> _EXERCISE_
Would you reproduce exactly the lines below from the one holding "uma pequena cozinha" through the one holding "Yaki udon con marisco, seta y verduras", inclusive, and no others?

> _GIVEN RECORDS_
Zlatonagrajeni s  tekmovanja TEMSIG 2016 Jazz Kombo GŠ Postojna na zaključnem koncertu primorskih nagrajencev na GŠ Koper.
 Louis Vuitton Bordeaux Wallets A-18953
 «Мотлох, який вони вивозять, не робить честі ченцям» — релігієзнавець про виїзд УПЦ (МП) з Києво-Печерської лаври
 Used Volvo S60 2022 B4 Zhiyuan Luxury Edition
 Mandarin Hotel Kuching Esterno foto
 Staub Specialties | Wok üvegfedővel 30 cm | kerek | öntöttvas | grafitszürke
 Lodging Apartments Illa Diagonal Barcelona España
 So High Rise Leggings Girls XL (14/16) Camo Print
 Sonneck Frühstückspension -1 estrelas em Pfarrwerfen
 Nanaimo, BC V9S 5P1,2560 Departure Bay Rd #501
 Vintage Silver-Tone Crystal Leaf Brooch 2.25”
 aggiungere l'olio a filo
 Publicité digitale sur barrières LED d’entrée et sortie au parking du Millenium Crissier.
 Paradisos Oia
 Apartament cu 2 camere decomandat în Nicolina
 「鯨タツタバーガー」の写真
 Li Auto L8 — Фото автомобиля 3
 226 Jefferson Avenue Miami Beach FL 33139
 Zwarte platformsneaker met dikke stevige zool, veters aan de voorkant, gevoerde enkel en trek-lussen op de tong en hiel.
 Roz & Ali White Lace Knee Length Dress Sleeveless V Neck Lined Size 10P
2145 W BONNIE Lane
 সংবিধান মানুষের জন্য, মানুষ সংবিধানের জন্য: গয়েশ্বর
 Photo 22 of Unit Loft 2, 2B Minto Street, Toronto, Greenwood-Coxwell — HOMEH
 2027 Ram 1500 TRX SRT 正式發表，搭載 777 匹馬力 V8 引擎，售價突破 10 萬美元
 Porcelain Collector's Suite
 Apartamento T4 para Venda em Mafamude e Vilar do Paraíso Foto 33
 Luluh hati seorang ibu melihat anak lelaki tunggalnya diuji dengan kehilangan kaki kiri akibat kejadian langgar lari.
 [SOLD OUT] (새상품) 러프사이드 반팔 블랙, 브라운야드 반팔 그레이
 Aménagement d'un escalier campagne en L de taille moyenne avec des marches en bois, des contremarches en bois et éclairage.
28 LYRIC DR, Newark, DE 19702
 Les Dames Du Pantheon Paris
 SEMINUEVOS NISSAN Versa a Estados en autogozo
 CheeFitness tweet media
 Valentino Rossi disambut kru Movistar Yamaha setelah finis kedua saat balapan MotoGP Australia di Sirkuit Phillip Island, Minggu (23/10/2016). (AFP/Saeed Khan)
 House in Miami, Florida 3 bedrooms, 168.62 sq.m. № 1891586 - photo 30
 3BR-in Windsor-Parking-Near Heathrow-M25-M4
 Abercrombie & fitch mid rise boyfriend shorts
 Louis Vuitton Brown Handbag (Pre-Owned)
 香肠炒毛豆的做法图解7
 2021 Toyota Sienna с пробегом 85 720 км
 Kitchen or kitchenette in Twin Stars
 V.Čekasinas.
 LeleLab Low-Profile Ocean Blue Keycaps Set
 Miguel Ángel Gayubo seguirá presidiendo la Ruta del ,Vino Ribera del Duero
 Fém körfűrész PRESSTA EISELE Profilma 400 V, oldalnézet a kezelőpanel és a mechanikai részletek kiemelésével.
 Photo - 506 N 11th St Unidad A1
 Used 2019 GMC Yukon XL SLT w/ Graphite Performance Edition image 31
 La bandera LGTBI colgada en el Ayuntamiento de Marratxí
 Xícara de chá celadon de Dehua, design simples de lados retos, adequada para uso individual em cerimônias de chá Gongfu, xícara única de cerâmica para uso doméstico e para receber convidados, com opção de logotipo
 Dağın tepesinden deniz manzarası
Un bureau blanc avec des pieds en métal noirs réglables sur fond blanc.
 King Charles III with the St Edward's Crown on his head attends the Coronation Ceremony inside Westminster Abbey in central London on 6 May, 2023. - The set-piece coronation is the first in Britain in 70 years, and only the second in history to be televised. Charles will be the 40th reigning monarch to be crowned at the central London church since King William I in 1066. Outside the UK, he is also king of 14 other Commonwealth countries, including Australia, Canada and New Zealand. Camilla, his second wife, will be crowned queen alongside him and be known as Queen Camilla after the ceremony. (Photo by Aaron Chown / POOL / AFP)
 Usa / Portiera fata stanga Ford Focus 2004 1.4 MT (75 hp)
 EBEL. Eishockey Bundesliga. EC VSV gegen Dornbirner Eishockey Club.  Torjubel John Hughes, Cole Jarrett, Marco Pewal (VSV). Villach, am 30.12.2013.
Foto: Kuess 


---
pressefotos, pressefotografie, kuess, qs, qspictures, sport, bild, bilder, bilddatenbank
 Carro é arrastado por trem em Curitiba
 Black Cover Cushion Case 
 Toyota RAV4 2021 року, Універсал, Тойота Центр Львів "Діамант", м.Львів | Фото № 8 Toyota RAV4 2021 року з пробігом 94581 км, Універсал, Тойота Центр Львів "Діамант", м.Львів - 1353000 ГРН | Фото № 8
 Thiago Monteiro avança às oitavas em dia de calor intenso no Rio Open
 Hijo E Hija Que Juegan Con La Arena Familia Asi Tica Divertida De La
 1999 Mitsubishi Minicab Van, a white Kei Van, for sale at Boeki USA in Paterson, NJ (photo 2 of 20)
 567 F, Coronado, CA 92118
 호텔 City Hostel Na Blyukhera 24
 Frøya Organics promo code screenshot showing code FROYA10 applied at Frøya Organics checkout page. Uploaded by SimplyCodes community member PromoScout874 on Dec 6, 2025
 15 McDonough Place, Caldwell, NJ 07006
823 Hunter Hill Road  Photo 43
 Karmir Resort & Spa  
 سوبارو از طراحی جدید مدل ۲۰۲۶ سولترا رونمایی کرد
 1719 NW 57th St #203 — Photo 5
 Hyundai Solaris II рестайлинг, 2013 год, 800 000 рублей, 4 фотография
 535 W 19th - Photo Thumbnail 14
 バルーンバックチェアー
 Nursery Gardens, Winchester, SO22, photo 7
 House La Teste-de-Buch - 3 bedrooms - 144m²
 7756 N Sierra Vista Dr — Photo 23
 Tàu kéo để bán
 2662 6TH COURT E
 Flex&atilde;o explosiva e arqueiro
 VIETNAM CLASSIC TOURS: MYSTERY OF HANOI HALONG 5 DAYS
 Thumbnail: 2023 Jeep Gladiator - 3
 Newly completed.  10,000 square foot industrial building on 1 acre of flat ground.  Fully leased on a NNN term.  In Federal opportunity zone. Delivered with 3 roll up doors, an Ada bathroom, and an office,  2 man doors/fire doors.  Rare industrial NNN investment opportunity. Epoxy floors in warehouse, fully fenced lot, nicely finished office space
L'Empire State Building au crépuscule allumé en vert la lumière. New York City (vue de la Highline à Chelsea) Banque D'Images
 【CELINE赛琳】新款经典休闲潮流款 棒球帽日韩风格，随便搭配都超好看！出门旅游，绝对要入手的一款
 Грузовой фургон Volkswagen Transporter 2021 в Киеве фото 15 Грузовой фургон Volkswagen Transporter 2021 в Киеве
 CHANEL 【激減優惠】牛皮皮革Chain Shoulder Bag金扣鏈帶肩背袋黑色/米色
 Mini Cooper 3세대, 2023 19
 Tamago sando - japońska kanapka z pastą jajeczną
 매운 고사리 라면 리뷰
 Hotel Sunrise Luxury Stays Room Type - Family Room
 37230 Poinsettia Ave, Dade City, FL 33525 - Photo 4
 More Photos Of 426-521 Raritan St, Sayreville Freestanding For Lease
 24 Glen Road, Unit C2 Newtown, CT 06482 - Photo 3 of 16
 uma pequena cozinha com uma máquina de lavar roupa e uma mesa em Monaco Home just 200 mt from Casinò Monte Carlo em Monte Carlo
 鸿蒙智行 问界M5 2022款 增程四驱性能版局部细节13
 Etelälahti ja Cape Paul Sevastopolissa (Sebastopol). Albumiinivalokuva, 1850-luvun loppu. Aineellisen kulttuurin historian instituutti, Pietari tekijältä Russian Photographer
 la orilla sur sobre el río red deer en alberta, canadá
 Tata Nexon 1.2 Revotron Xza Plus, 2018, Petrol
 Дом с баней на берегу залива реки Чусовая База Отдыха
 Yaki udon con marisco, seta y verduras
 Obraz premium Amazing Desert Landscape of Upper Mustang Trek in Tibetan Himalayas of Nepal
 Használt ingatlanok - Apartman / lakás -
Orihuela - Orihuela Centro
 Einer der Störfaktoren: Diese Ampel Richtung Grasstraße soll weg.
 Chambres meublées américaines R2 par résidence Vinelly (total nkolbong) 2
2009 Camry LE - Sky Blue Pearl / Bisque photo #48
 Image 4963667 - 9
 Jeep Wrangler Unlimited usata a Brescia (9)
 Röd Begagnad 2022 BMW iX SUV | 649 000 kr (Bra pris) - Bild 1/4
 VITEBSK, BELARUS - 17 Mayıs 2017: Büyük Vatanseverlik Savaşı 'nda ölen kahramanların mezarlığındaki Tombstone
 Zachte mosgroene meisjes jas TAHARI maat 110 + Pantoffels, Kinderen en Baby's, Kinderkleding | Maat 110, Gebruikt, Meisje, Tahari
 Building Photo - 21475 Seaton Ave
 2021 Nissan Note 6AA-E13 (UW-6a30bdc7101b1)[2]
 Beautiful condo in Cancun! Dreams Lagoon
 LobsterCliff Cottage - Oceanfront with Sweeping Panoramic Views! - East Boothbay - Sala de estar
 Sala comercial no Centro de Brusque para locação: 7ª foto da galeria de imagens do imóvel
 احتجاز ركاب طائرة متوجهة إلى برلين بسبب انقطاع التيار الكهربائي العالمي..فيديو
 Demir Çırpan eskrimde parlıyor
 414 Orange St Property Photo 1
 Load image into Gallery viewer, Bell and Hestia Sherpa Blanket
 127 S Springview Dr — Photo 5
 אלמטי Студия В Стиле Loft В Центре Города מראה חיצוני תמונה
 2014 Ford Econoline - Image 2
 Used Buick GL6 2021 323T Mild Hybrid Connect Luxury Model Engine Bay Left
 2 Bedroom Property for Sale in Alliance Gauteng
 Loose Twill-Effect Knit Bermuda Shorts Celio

> _EXPECTED ANSWER_
 uma pequena cozinha com uma máquina de lavar roupa e uma mesa em Monaco Home just 200 mt from Casinò Monte Carlo em Monte Carlo
 鸿蒙智行 问界M5 2022款 增程四驱性能版局部细节13
 Etelälahti ja Cape Paul Sevastopolissa (Sebastopol). Albumiinivalokuva, 1850-luvun loppu. Aineellisen kulttuurin historian instituutti, Pietari tekijältä Russian Photographer
 la orilla sur sobre el río red deer en alberta, canadá
 Tata Nexon 1.2 Revotron Xza Plus, 2018, Petrol
 Дом с баней на берегу залива реки Чусовая База Отдыха
 Yaki udon con marisco, seta y verduras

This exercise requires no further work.